The Arlington Institute founder/director John Petersen says the adult conversation could begin if NASA places its UFO photos in the public domain/CREDIT: cherie-beck.com
“I don’t think anything stays the same as it is, and there’s a growing kind of awareness on this subject around the world,” says Petersen, founder of a nonprofit futurist think tank called The Arlington Institute. “It’s inevitable that humans — and Americans — will get to a place where this issue can be discussed openly, in a non-threatening manner.
“It’s demeaning to presume that most people will freak out or somehow panic when this reality is confirmed. When I talk about it with my wife, she goes, ‘What’s the big deal, I don’t understand. Are we going to stop shopping, are we going to go to work in a different way? What?’”
Brazil’s announcement just happened to coincide with the release of UFOs: Generals, Pilots and Government Officials Go On the Record, in which journalist Leslie Kean chronicles the accelerating worldwide efforts to address the phenomenon, then lobbies for the formation of a new U.S. scientific study. Among those endorsing the book was Petersen, whose resume includes a stretch with the National Security Council. Citing an idea advanced by author Whitley Strieber, Petersen says it wouldn’t take much for Uncle Sam to join the conversation.
“If NASA would just say, look, we’ve got these pictures, we don’t know what they are, that would give the National Science Foundation something to work with,” says Petersen, who lives in Berkeley Springs, W.Va. “Suddenly everybody follows the money and it’ll be legitimized.
“You wouldn’t have to get into the conspiracy stuff — who knows where conspiracies start and end? Throwing rocks at people certainly is not the way to get people at the top to cooperate.

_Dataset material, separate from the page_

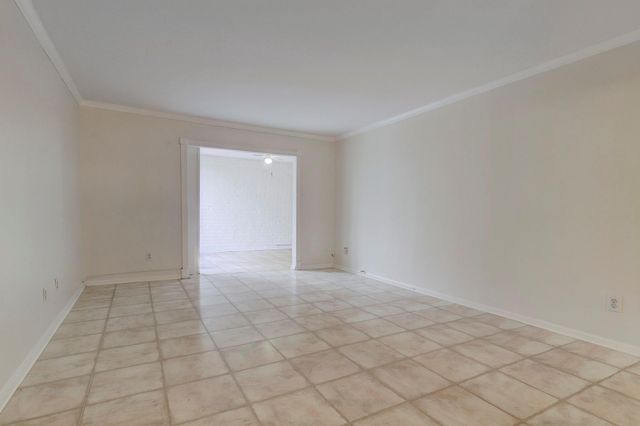 353 N Post Oak Lane 820, Houston, TX 77024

You let the facts lead the way and let people find out what’s there to be found out.”
Petersen, a retired naval flight officer with a background in electrical engineering, describes UFOs On the Record as “a good start” toward that end. With any luck, he says, American mainstream science will take a cue and explore Kean’s book. As far as anticipating professional blowback from putting his name out there, Petersen is unconcerned.
“I don’t worry about that stuff,” he says from a cell phone between airline flights. “The folks I deal with, they come to me because I don’t think the same way as everybody else.”